Franco estaba instaurando un régimen totalitario que era también un régimen genocida, de exterminio. Esos totalitarismos genocidas eran lo que en esos momentos parecía que la Guerra Mundial iba a imponer en toda Europa. Como en el fascismo mussoliniano, los ciudadanos solo tenían sitio dentro del sistema. Fuera de él, fuera del fascismo o del franquismo, te convertías en la hez de la sociedad. Franco estaba copiando modelos de control de la sociedad que se habían puesto en práctica en otros países europeos.
Incluso aquel país de “buenos” y “malos” que fue España durante 40 años parece que se ha prolongado hasta nuestros días en cierto modo, casi medio siglo después de muerto el dictador en la cama y en plena democracia. ¿Cuándo acabará este país con esa dicotomía aún palpable hoy en el día a día?
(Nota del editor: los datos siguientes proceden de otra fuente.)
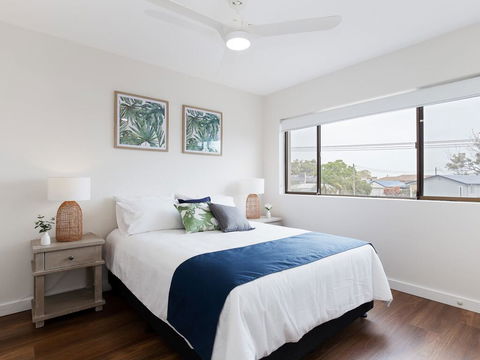 3 'Bangalee' 41 Soldiers Point Rd - Fantastic Waterfront Unit With Pool, WIFI & Chromecast - Hotel Accommodation 3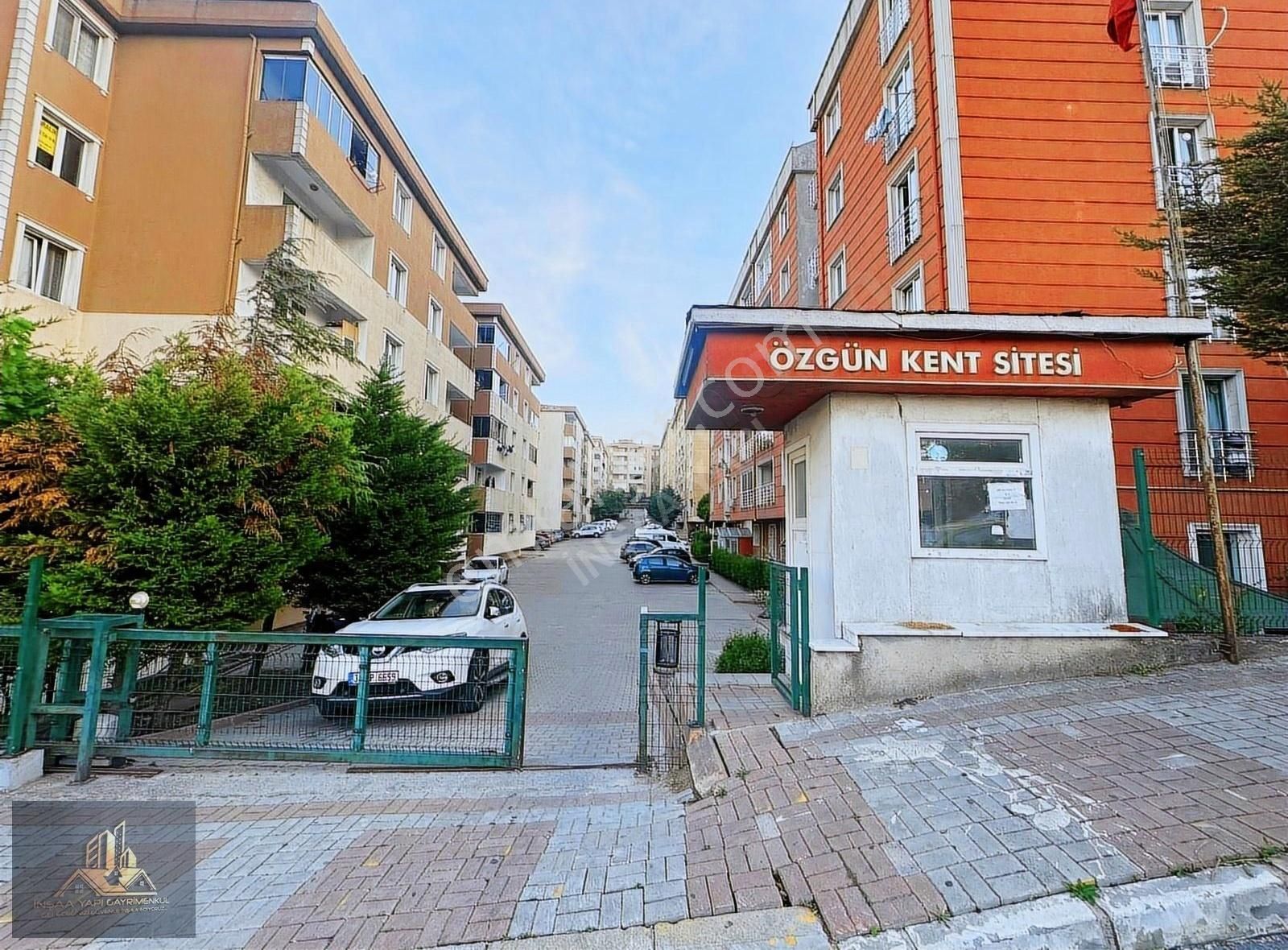 Beylikdüzü Yakuplu'da Metrobüse 2'dk Mesafede Satılık 2+1 Daire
No creo que las situaciones sean comparables. Por mucho que subsista una división entre dos Españas enfrentadas, la consolidación de las clases medias y del propio sistema democrático hace muy difícil alcanzar los niveles de polarización de entonces. En realidad, conocer cómo eran las cosas hace ochenta años nos ayuda a ver lo que de verdad somos, unos privilegiados que hemos conocido las mejores décadas de la historia de España.
La Historia contada no llega tanto al alma del lector como cuando la literatura cuenta la Historia. Ejemplos de ello hay muchos. Y sus personajes comunes en aquellos tiempos crueles y extraordinarios son de los que nos dan la verdadera dimensión de lo que tuvo que suponer vivir en aquel ambiente irrespirable.
Es más fácil identificarse con la gente corriente que con las grandes figuras históricas. Y esa gente corriente es precisamente el territorio predilecto de la novela, por encima de los grandes nombres, de los que ya se ocupan los historiadores. También es cierto que las novelas son más accesibles para el lector medio que los sesudos tratados de Historia.
En esos escasos cinco años en los que transcurre la novela pasó de todo en el mundo, tanto que de atisbar una Europa nazi bajo el yugo de Hitler se pasó de golpe a soñar con una España liberada por los aliados demócratas. Tanta zozobra y tantos vaivenes debieron tener una clara repercusión en la población en general…
Todo lo que pasaba más allá de los Pirineos tenía su traducción en los equilibrios internos de la política española y, consecuentemente, en la vida de los españoles. De los iniciales entusiasmos por Hitler se pasó a la necesidad de congraciarse con las potencias vencedoras. Y es verdad que el final de la Guerra Mundial podría haber cambiado el destino de España. Si los aliados hubieran querido completar el trabajo hecho en Italia, Alemania y la Francia ocupada, tendríamos democracia en España desde 1945. En vez de eso, lo que Franco consiguió gracias a su belicoso anticomunismo fue asegurarse tres décadas más de supervivencia política, treinta años más de dictadura.
Ha logrado un equilibrio difícil de conseguir en la trama al ensartar personajes totalmente ficticios con otros reales, e incluso algunos ficticios con claros paralelismos con personajes históricos. ¿Es su manera de ser fiel a un arduo trabajo de documentación para ser lo más coherente posible con los hechos constatados de la Historia?
He intentado que los personajes, al mismo tiempo que eran de carne y hueso, representaran al conjunto de la sociedad de la época. Los “cameos” de gente como Dionisio Ridruejo, José Luis Arrese, Heriberto Quiñones, etc., eran necesarios para contar la lucha de los comunistas y las intrigas internas del régimen, pero es verdad que también aspiro a que su presencia aporte una sensación más intensa de verdad histórica.
¿Se puede resumir que aquella España que salió de la guerra civil era una España “alienada” en el pleno sentido de la palabra?
Era una España ocupada por fuera y por dentro: por un ejército de ocupación que había tomado posesión del territorio y por un sistema totalitario que controlaba la vida privada de los ciudadanos y se había instalado en el corazón mismo de las personas.